Significa ripartire da Srebrenica in Bosnia Erzegovina, quando un contingente di caschi blu (nessuno dei quali processato) si rifiutò di proteggere la popolazione civile consegnandola al suo massacratore. Quei caschi blu avevano una nazionalità, erano olandesi ovvero di un Paese della Nato e fu proprio la Nato a beneficiare di quello shock che l’eccidio provocò nell’opinione pubblica. Da quel momento l’Onu è uscita di scena e la Nato si è convertita a gendarmeria globale, rilanciando la propria stessa esistenza, arrivando ad includere quasi tutti i paesi europei dell’ex Patto di Varsavia. Se l’ingloriosa ritirata dall’Afghanistan e prima ancora il tradimento dei curdi in Siria con l’aggressione da parte della Turchia (altro paese Nato) avevano aperto una discussione sulla “morte cerebrale” dell’Alleanza Atlantica, l’invasione di Putin ha improvvidamente cancellato ogni dibattito. Ma oggi la Nato appare inservibile, prigioniera del limite di aver diviso l’Europa e il mondo in alleati e nemici, impedendo quella “casa comune europea” che Gorbaciov aveva prospettato quando, con l’azione dei popoli, venne fatta cadere la cortina di ferro e il muro di Berlino.

Tornare all’Onu significa sostituire la contrapposizione amico-nemico con l’accordo negoziato tra le parti, in un quadro di sicurezza comune garantito anche da contingenti internazionali militari e civili composti in modo multilaterale per essere da garanzia per tutti i contendenti.
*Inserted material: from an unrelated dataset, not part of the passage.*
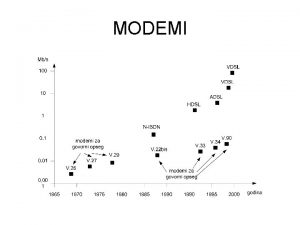 MODEMI Asymetric Digital Subscriber Line ADSL ADSLAsimetrina digitalna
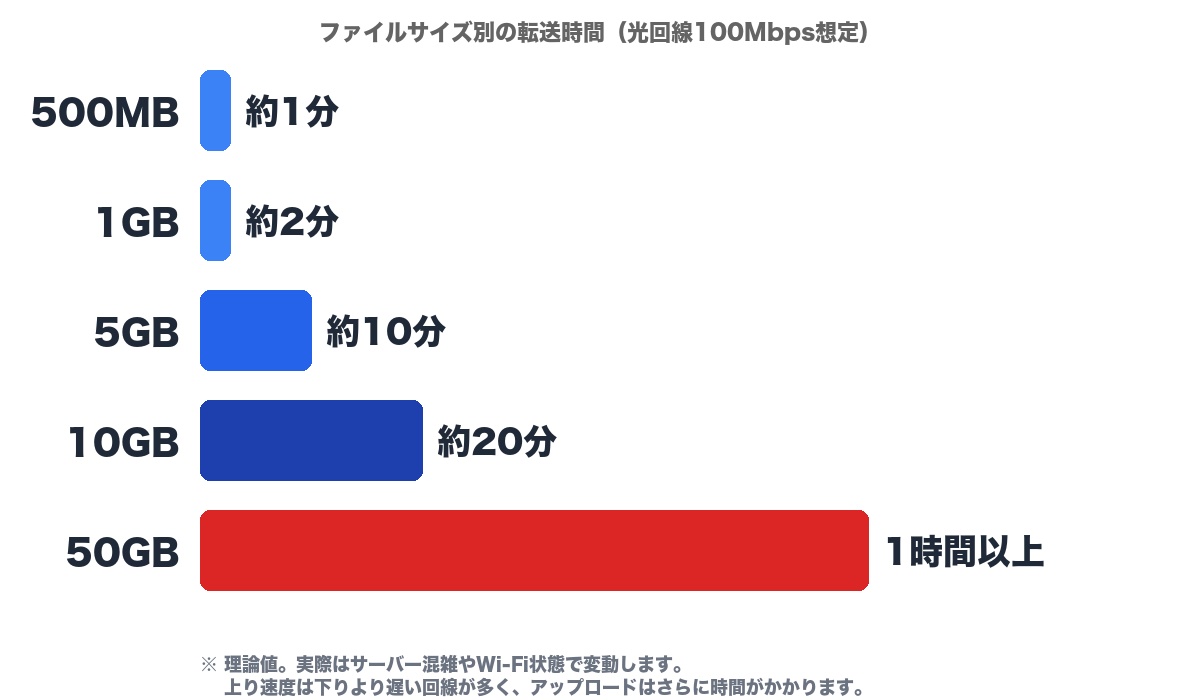ファイルサイズ別の転送時間グラフ — 500MBなら1分、50GBなら1時間以上かかることを視覚化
È l’Onu che può smilitarizzare i corridoi e congelare l’invasione sul campo, così come è l’Onu quello che può prospettare zone e Paesi neutrali in grado di dare garanzia per la sicurezza ad est e ad ovest. Solo l’Onu è in grado di permettere che i corridoi umanitari non si trasformino in un semplice esodo dalle proprie case dei civili, preludio per la distruzione da parte dell’occupante russo delle città assediate. Questo consentirebbe il negoziato vero, su tutti i temi sul tappeto e che fino ad oggi non si è voluto affrontare. Il ritorno al diritto internazionale consentirebbe anche alla Ue di recuperare la sua originale missione, quella di unire i popoli europei e di garantire la pace.

Una Ucraina nella Ue e non nella Nato andrebbe a rafforzare quei paesi neutrali che ne fanno parte come Finlandia, Svezia, Austria e Irlanda e che hanno dimostrato di avere una qualità della loro democrazia non certamente inferiore alla nostra.

Solo il cessate il fuoco ed una garanzia internazionale consentirebbe agli ucraini di proseguire la resistenza all’invasore senza armi, attraverso la disobbedienza civile, l’organizzazione di comunità solidali, l’indisponibilità alla cancellazione delle proprie identità nazionali (che anche in Ucraina, sono diverse e non una sola). Lo sciopero generale degli operai dei cantieri Lenin in Polonia servì molto di più che i missili Cruise a far sfarinare il regime di Varsavia. Un territorio così vasto come l’Ucraina di oltre 40 milioni di abitanti non può essere occupato stabilmente da un esercito di 200mila soldati, senza che cresca una opposizione anche in Russia. Le migliaia di arresti di pacifisti indicano che il fronte interno è il più ingestibile da parte dell’oligarchia legata al regime. Perché il problema è anche questo: che non esiste soluzione militare, anche se tragicamente oggi praticata, neanche per Putin. L’unica soluzione è la trattativa, il negoziato, far tacere le armi. Avere la forza e non la ragione alla fine non paga e i popoli si liberano lo stesso. Per fare questo bisogna salvare il popolo ucraino dal bagno di sangue anche perché ognuno di loro sarà prezioso in vita per continuare la lotta.